Can someone explain 6ii.
2. What do you think the answer is/why?

(It has something to do with significance levels and what they actually mean).
3. (Original post by SeanFM)
What do you think the answer is/why?

(It has something to do with significance levels and what they actually mean).
The null hypothesis gets rejected at 0.0468.
so 20*0.0468. But what does 0.8 show and what does 0.468, thats the bit im slightly confused with.
4. (Original post by Super199)
The null hypothesis gets rejected at 0.0468.
so 20*0.0468. But what does 0.8 show and what does 0.468, thats the bit im slightly confused with.
The 0.8 bit just shows that the probability of rejecting it is indeed the significance level you found earlier. If the probability was 0.6 or anything other than 0.8 then you can't use your significance level to answer thet question.

And the significance level (if it were 5%, for example) means that you would expect 1 in 20 tests to not lie in the confidence interval of whatever you have (and so you would expect to reject the null hypothesis once every 20 tests).

And since you have 20 tests, you're just multiplying by 0.0468 (the significance level, which is the same as the probability of rejecting H0) to see how many you'd expect to reject in 20o fthem.
5. (Original post by SeanFM)
The 0.8 bit just shows that the probability of rejecting it is indeed the significance level you found earlier. If the probability was 0.6 or anything other than 0.8 then you can't use your significance level to answer thet question.

And the significance level (if it were 5%, for example) means that you would expect 1 in 20 tests to not lie in the confidence interval of whatever you have (and so you would expect to reject the null hypothesis once every 20 tests).

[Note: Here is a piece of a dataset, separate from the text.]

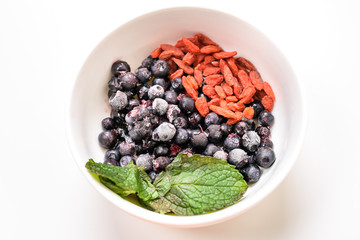 Ingredients for fruit smoothies with banana, blueberries, goji berries and mint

And since you have 20 tests, you're just multiplying by 0.0468 (the significance level, which is the same as the probability of rejecting H0) to see how many you'd expect to reject in 20o fthem.
But isn't 0.8 the probability. So why isn't it 20*0.8?
6. (Original post by Super199)
But isn't 0.8 the probability. So why isn't it 20*0.8?
0.8 isn't the probability of rejecting H0. Remember for the test, you take 25 chocolates and calculate a statistic, and find that the probability of rejecting H0 is 0.0468. So you can think of the tests themselves as independent trials with p = 0.0468, and the distribution represents how many tests are failed, so if you have n = 20 and p, then you find 20p for the expected value.

It just tells that p=0.8 so you can use the significance value. If it were p=0.6 for example then the probability of rejecting the test would be much higher.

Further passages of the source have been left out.